REQUIREMENT:
Only the lines below from the one containing "Gryphon Coastal Black" through the last line should be set down, exactly as written and with no pictures.

[Short descriptive text snippets]
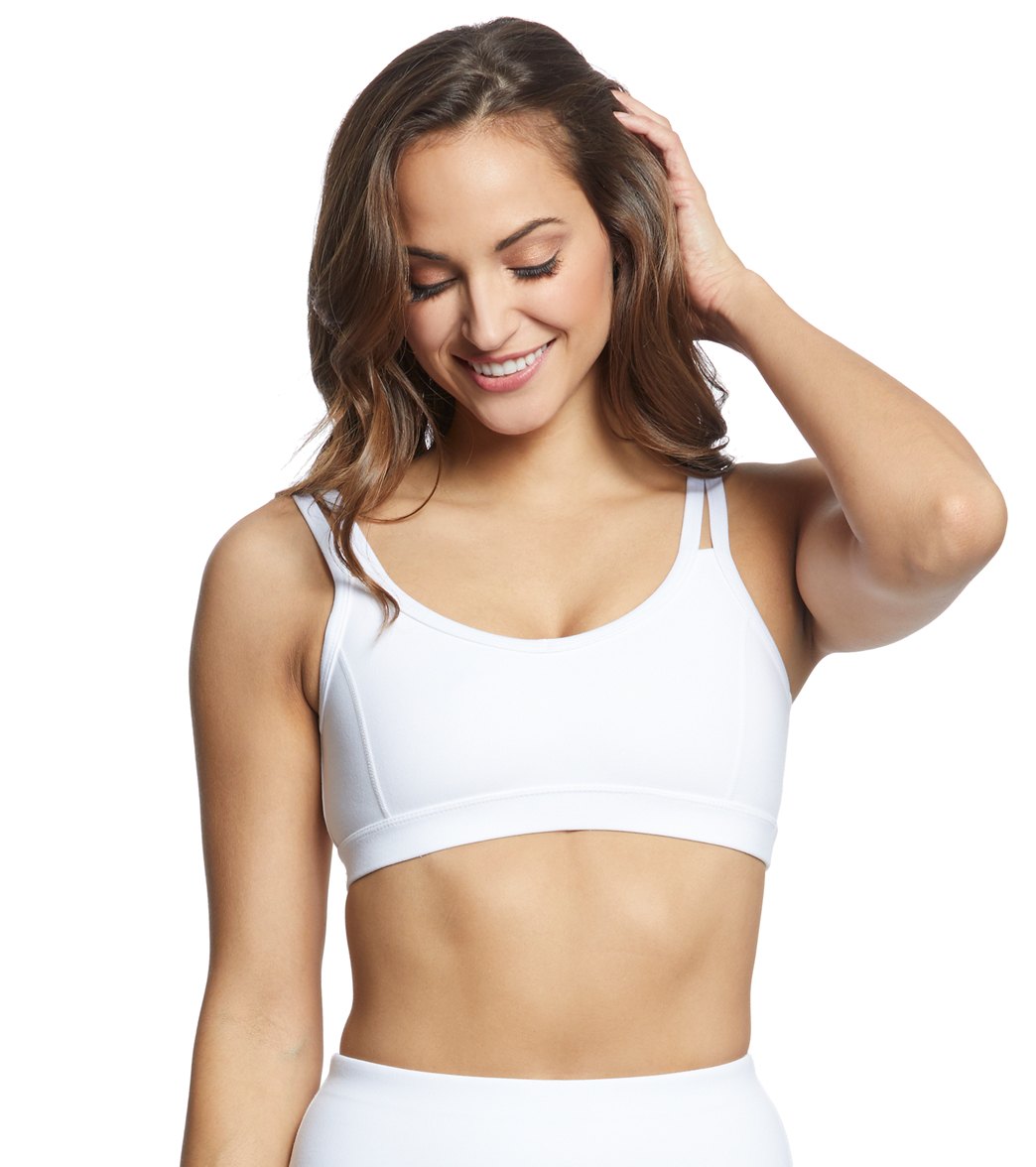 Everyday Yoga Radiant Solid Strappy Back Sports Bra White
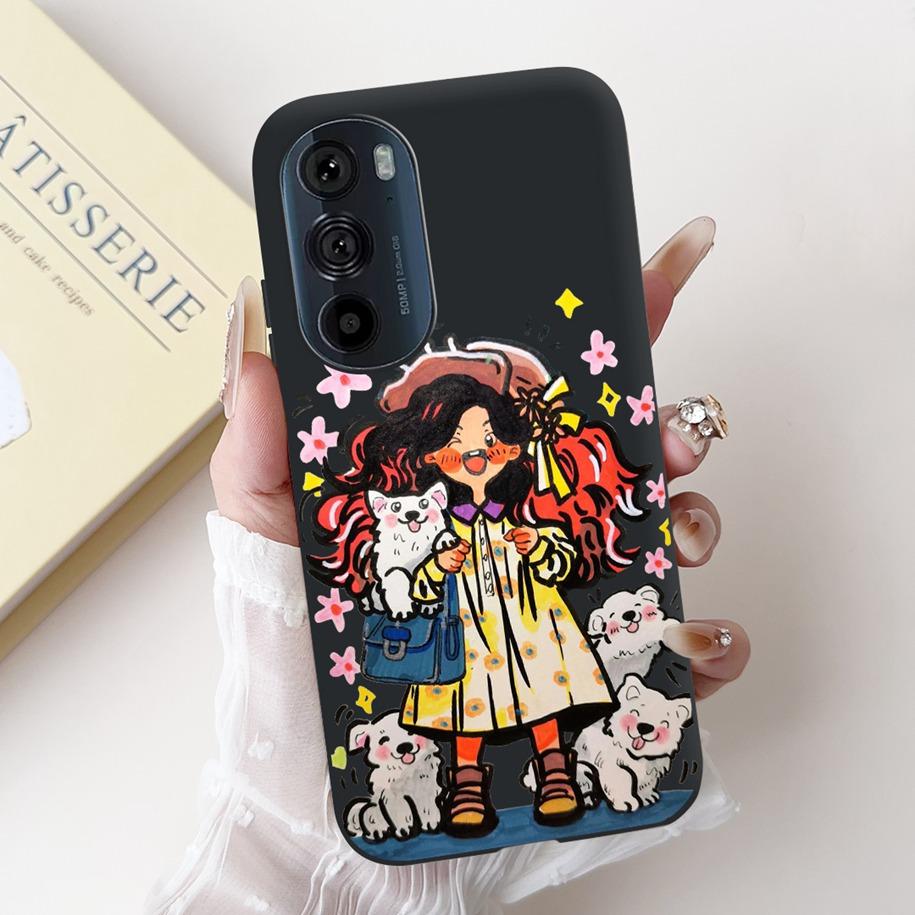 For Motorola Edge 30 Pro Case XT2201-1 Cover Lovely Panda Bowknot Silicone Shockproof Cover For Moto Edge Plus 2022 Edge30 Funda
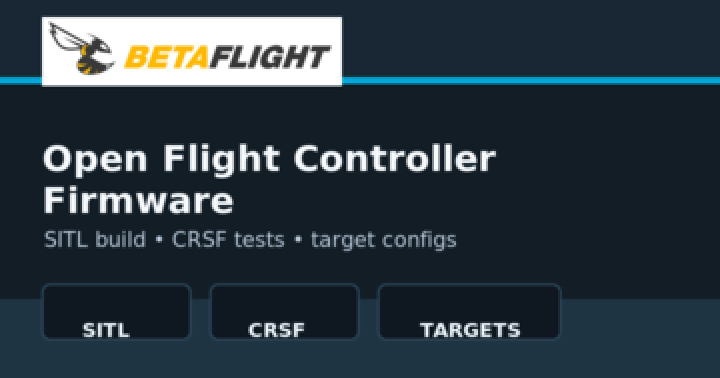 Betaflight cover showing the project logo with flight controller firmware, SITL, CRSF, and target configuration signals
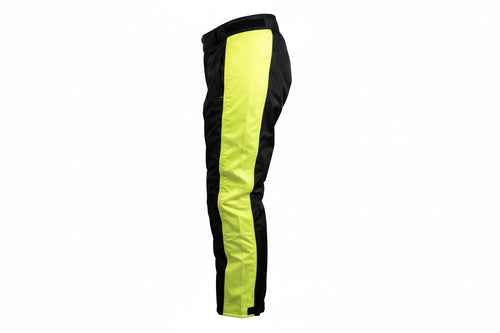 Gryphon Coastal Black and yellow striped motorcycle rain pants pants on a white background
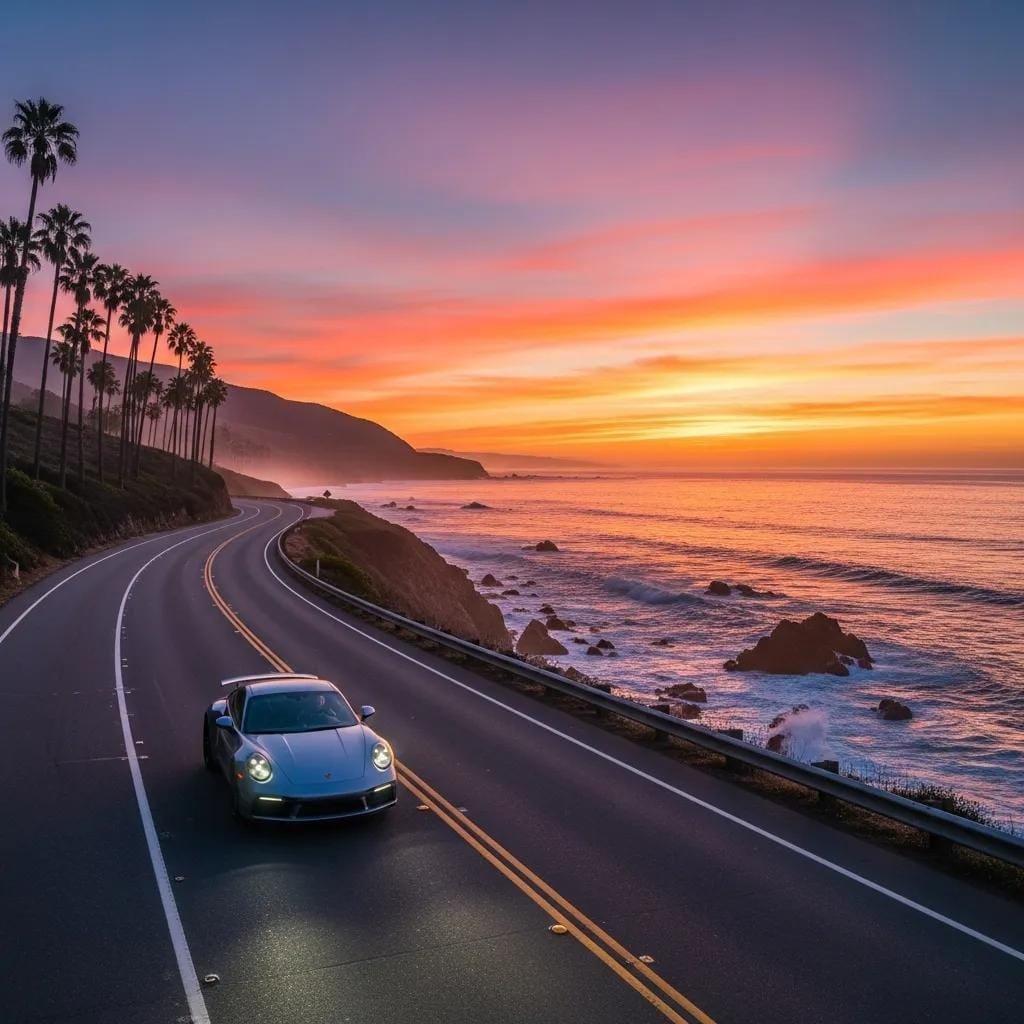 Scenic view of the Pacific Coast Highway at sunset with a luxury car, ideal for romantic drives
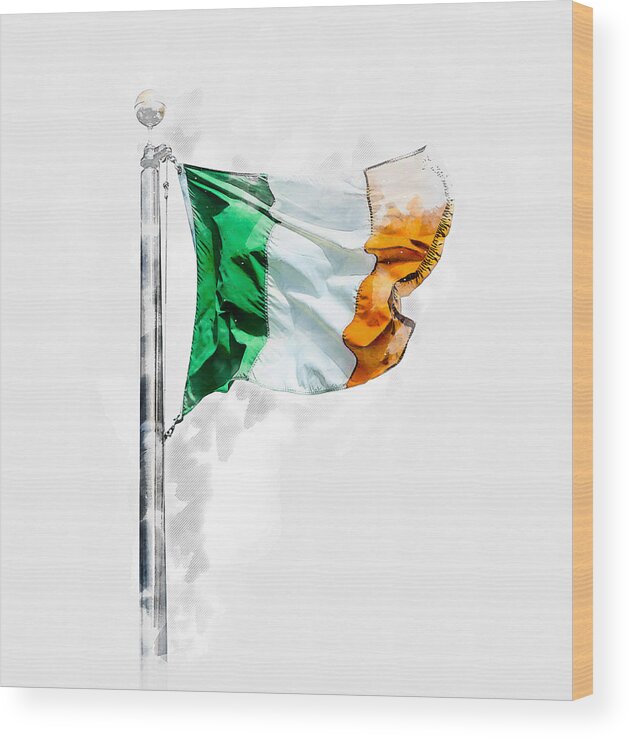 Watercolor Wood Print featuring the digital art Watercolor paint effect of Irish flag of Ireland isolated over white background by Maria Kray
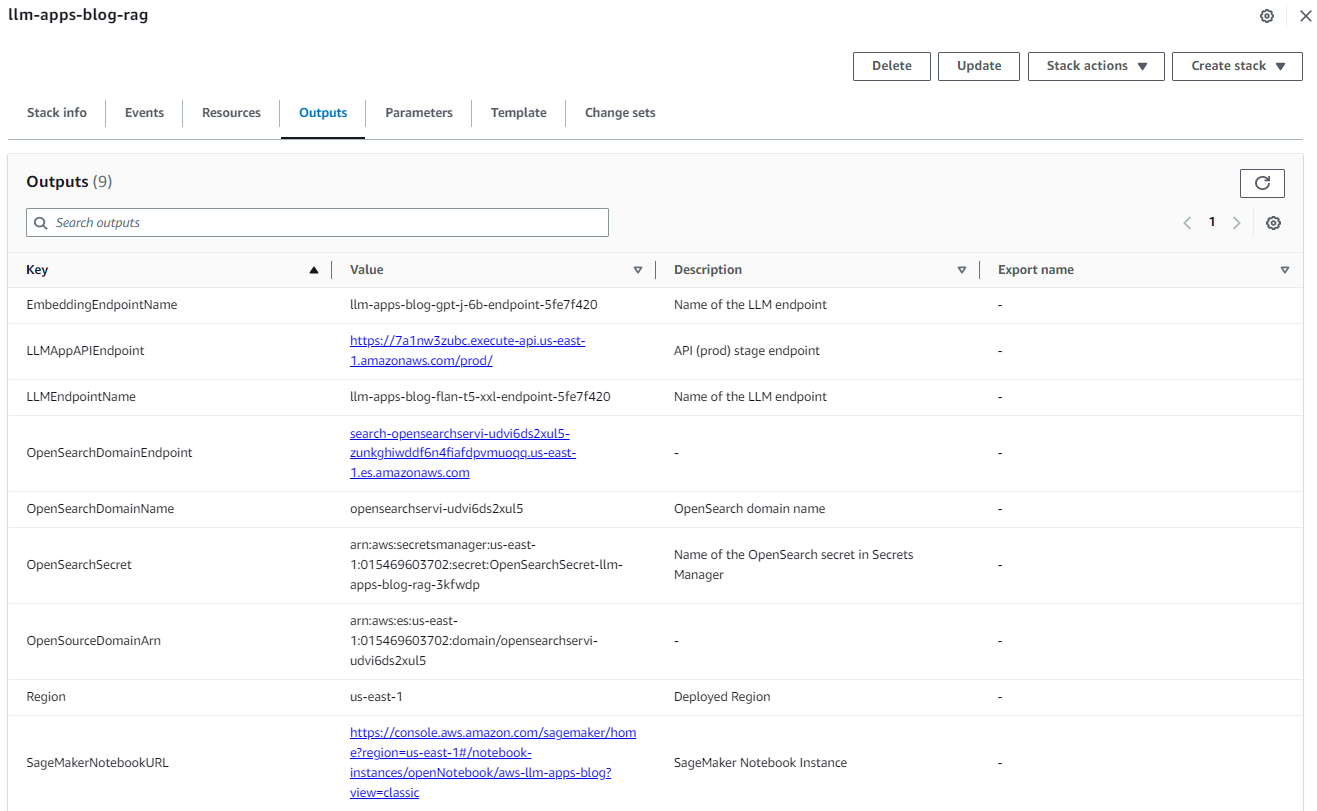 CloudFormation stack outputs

TASK RESPONSE:
 Gryphon Coastal Black and yellow striped motorcycle rain pants pants on a white background
 Scenic view of the Pacific Coast Highway at sunset with a luxury car, ideal for romantic drives
 Watercolor Wood Print featuring the digital art Watercolor paint effect of Irish flag of Ireland isolated over white background by Maria Kray
 CloudFormation stack outputs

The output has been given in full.